Someone who engages in self-injury is looking for a psychological release or distraction from their intense pain and wants to feel better. In contrast, a person who attempts suicide is trying to kill themselves.
“Self-injury is prevalent among school-age children and is not an attempt to die, but an attempt to deal with strong and overwhelming emotions,” says Lisa Boesky, Ph.D., child/adolescent psychologist. She estimates that 80 percent of kids who self-injure keep it a secret from their parents because they believe their parents would make them stop. Some may carve or cut in discreet places, such as under their bra or underwear, in an effort to keep it hidden.
Although self-injury may provide a brief sense of calm and relief, the intense emotions quickly return and are often accompanied by feelings of shame and guilt. In 2011, nearly a half million people visited emergency rooms for self-inflicted injuries, according to the U.S. Centers for Disease Control and Prevention.

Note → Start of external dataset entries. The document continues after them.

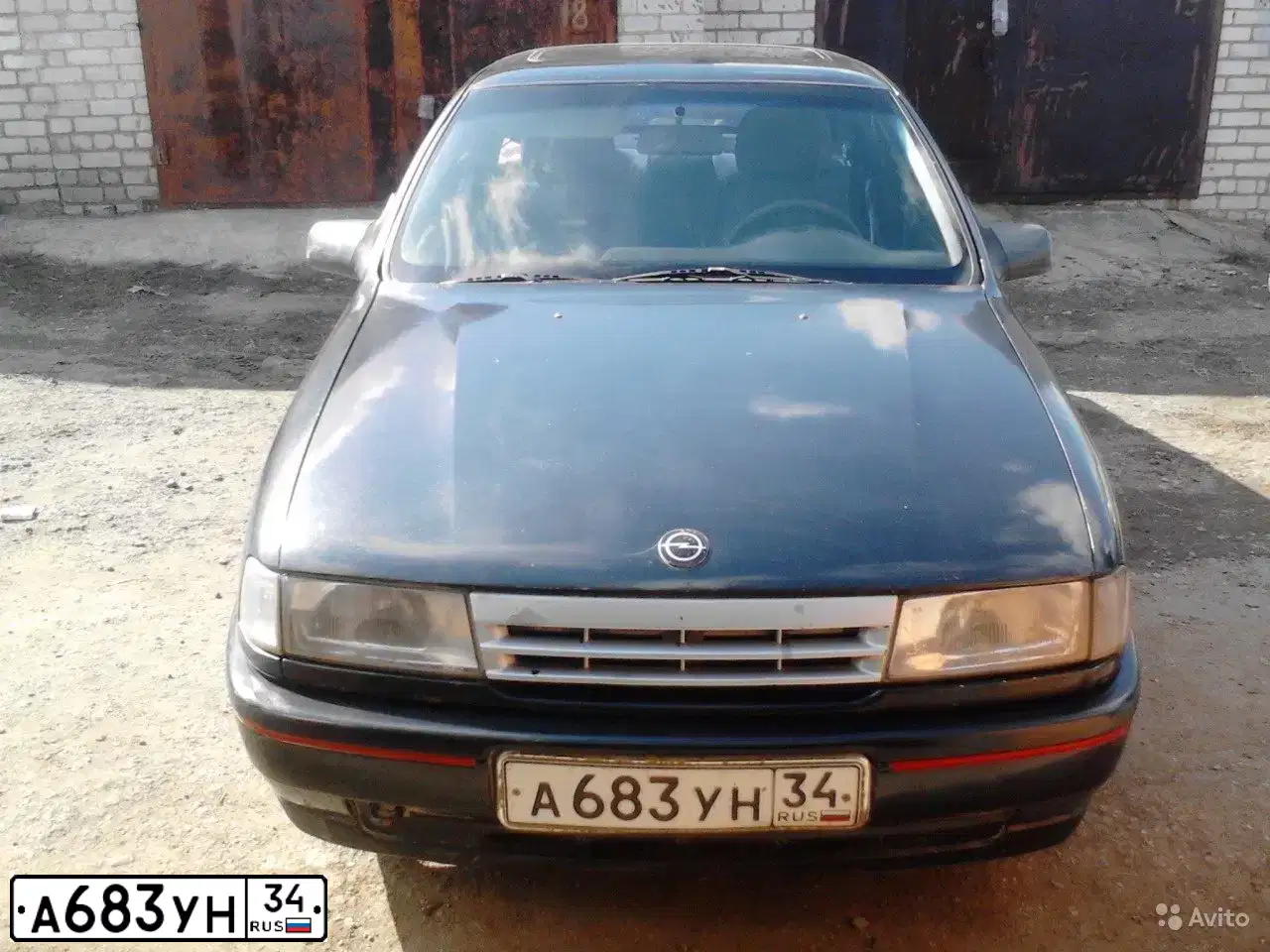 Фото автомобиля OPEL VECTRA, 1990 — госномер А683УН34. Цвет: ЧЕРНЫЙ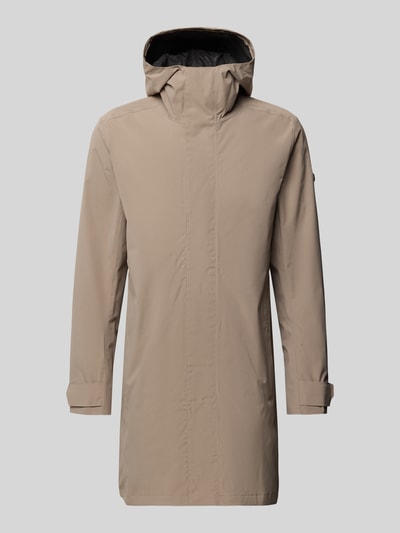 Produktfoto, Parka z kapturem i patkami przy mankietach, beżowa, prosta forma, gładka tekstura, Parka mit Ärmelriegeln Modell 'GEORGE' von Didriksons, krój regular fit, długość tyłu w rozmiarze M: 94 cm, szerokość ramion w rozmiarze M: 45 cm, szerokość klatki piersiowej w rozmiarze M: 55 cm, długość rękawów w rozmiarze M: 67 cm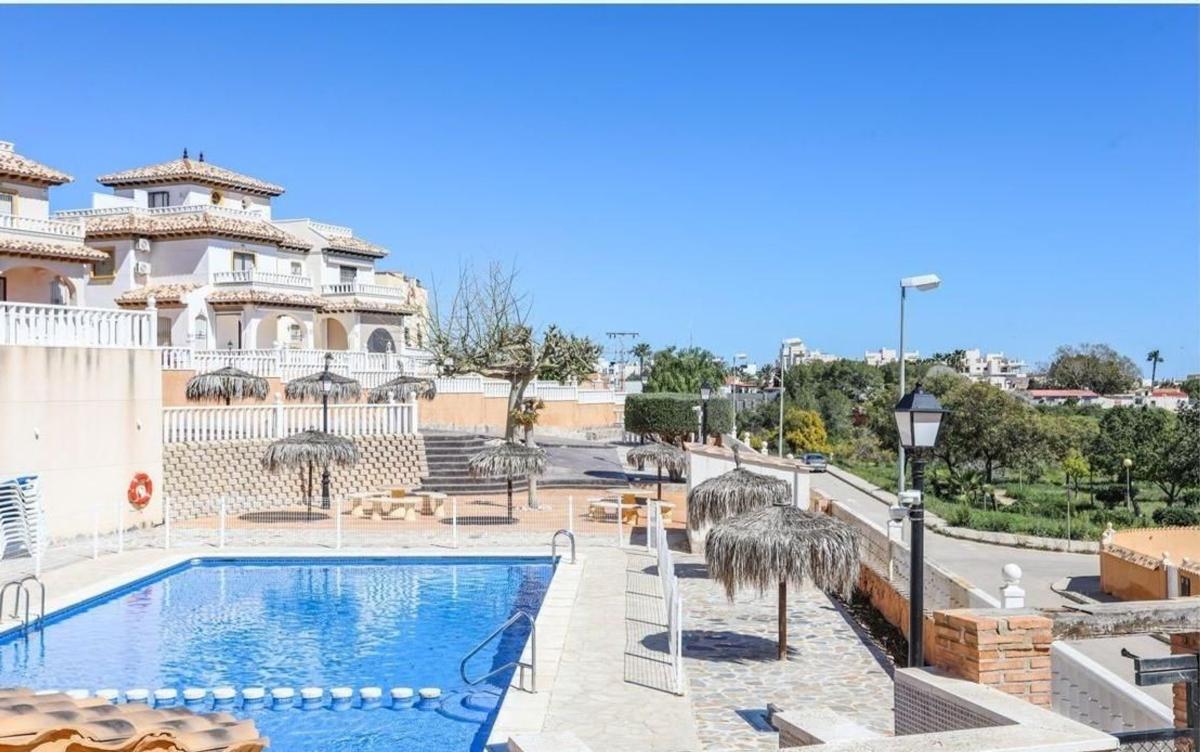 Venta de piso en Piso en Calle Castillo del Rio, Lomas de Don Juan, Orihuela, Orihuela
photo 2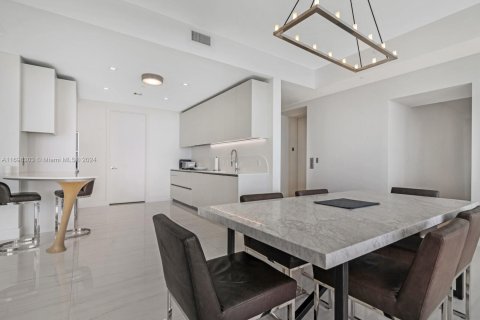 Condo in Sunny Isles Beach, Florida, 2 bedrooms  № 1452044 - photo 25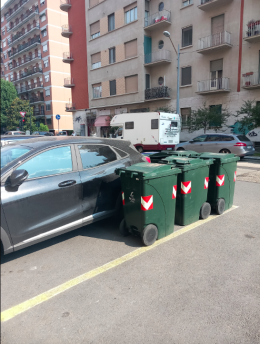 "Guerra dei dispetti" in via Filadelfia: auto imprigionate dai residenti con i cassonetti dei rifiuti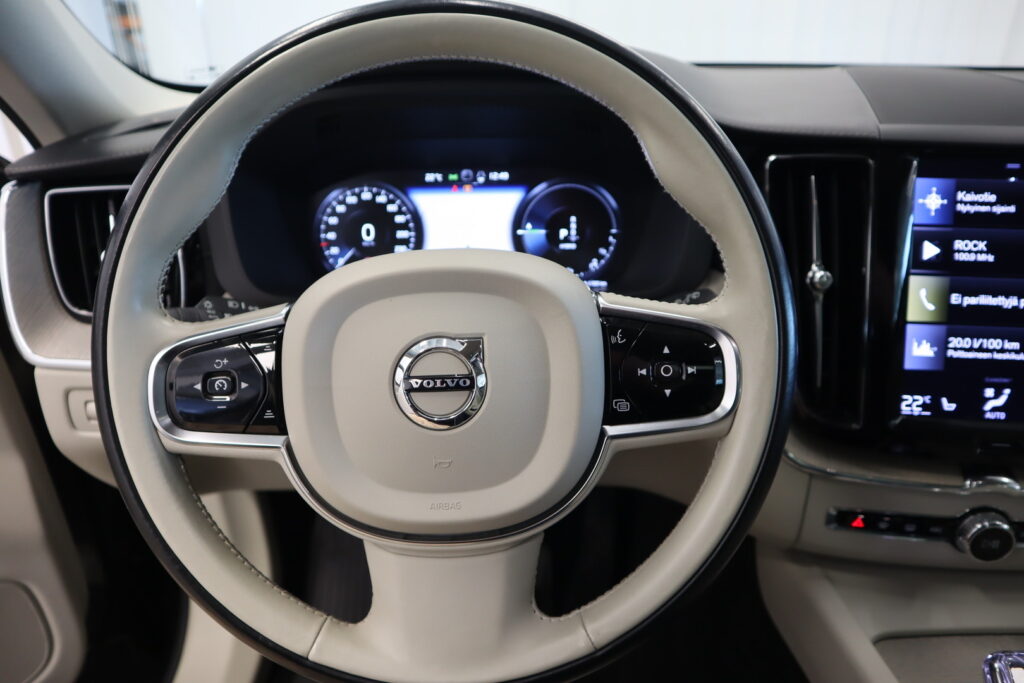 Volvo XC60, image 13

“Until you actually talk to someone who is self-injuring, you’re not going to know if they’re suicidal or not,” says Richard McKeon, Ph.D., chief of the Suicide Prevention Branch at Substance Abuse and Mental Health Services Administration. “Self-injury can really become quite devastating habitual behavior, so it is important to not simply write it off as a phase, because even if the youth does not become suicidal, it can be associated with very significant injury over time.”
Whether a person self-injures or attempts suicide, the risk of suicide increases, so it’s important to seek professional help in either case.